Background: The human carcinoembryonic antigen (CEA), which is expressed in several cancer types, is a potential target for specific immunotherapy using recombinant vaccines. Previous studies have shown that when the CEA gene is placed into vaccinia virus, the recombinant vaccine (rV-CEA) can elicit T-cell responses in both rodents and non-human primates.
Purpose: Our objective was to determine if rVCEA could elicit CEA-specific T-cell responses in humans with appropriate human leukocyte antigen (HLA) motifs.
Methods: Peripheral blood lymphocytes (PBLs) obtained from patients with metastatic carcinoma, both before and after vaccination with rV-CEA, were analyzed for T-cell response to specific 9- to 11-mer CEA peptides selected to conform to human HLA class I-A2 motifs.
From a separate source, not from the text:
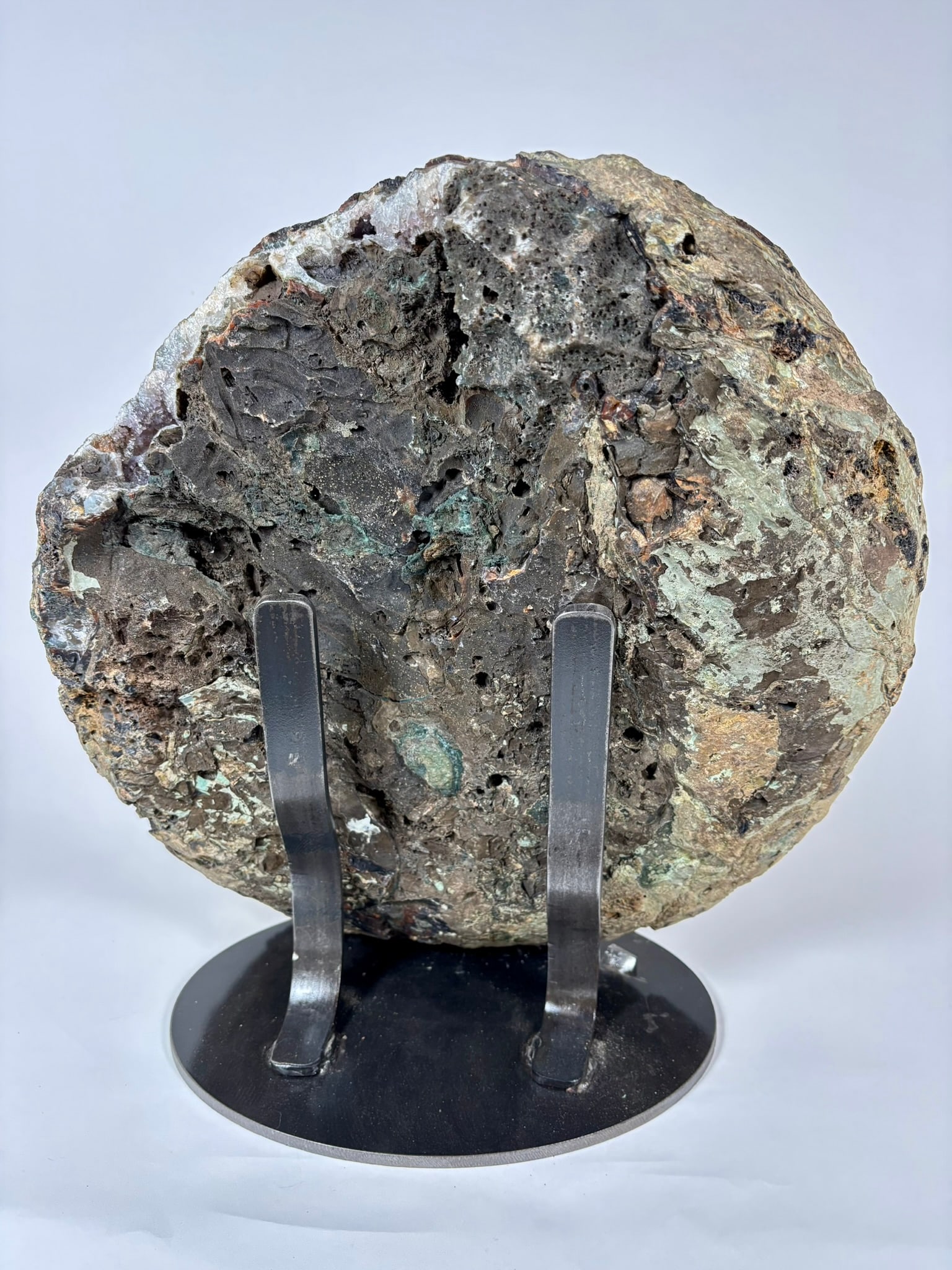 Amethyst Geode Slab on Custom Stand - 9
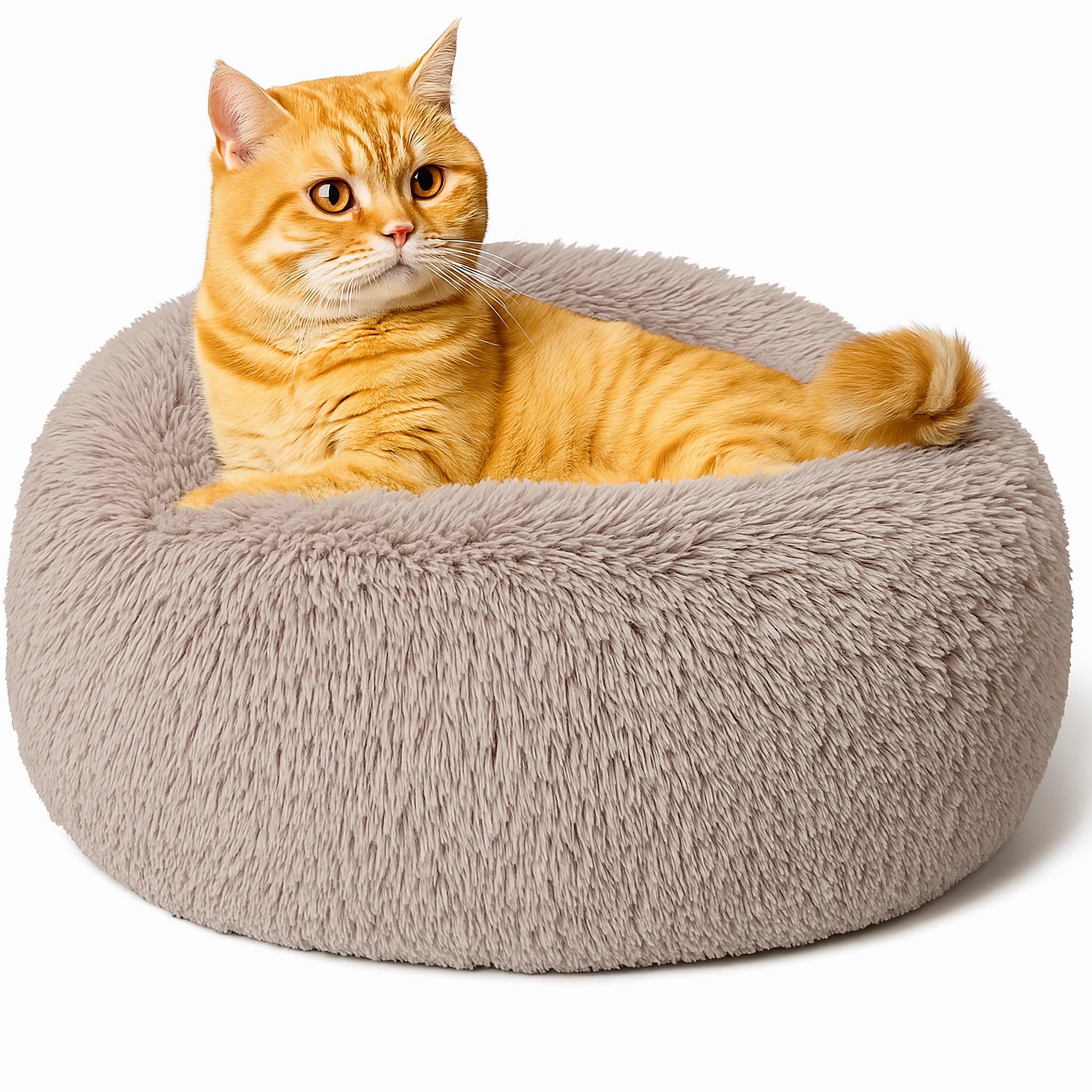 SEOUGEE Calming Donut Cat Bed, Fluffy Plush Round Dog Bed, Cosy Soft Washable Cushion Warming Pet Beds with Non-Slip Bottom, Indoor Sleeping Cuddler Nest for Cats Puppy Kitten (Taupe 40cm)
Results: While little or no T-cell growth was seen from preimmunization PBLs of patients pulsed with CEA peptides and interleukin 2 (IL-2), T-cell lines were obtained from PBLs of patients after vaccination with one to three cycles of stimulation. Cytolytic T-cell lines from three HLA-A2 patients were established with a 9-amino acid peptide (CAP-1), and the CD8+/CD4+ double-positive T-cell line (V24T) was chosen for detailed analysis. When autologous Epstein-Barr virus (EBV)-transformed B cells were either incubated with CAP-1 peptide or transduced with the CEA gene using a retroviral vector, they were lysed by the V24T cell line, but allogeneic non-A2 EBV-transformed B cells were not. The SW403 human colon carcinoma cell line, which is CEA positive and HLA-A2 positive, was also lysed by the V24T cell line, while two non-HLA-A2 CEA-positive colon carcinoma cell lines were not. To further confirm the class I HLA-A2 restricted nature of the V24T cytotoxicity, the non-HLA-A2 SW837 CEA-expressing colon carcinoma cell line was infected with a recombinant vaccinia virus expressing the HLA class I-A2 gene, and it became susceptible to V24T lysis. Cells infected with vector alone were not lysed.
Conclusions: This study demonstrates for the first time (a) the ability to generate a human cytolytic T-cell response to specific epitopes of CEA, (b) the class I HLA-A2 restricted nature of the T-cell mediated lysis, and (c) the ability of human tumor cells to endogenously process CEA to present a specific CEA peptide in the context of major histocompatibility complex for T-cell-mediated lysis.
Implications: These findings have implications in the development of specific second-generation cancer immunotherapy protocols.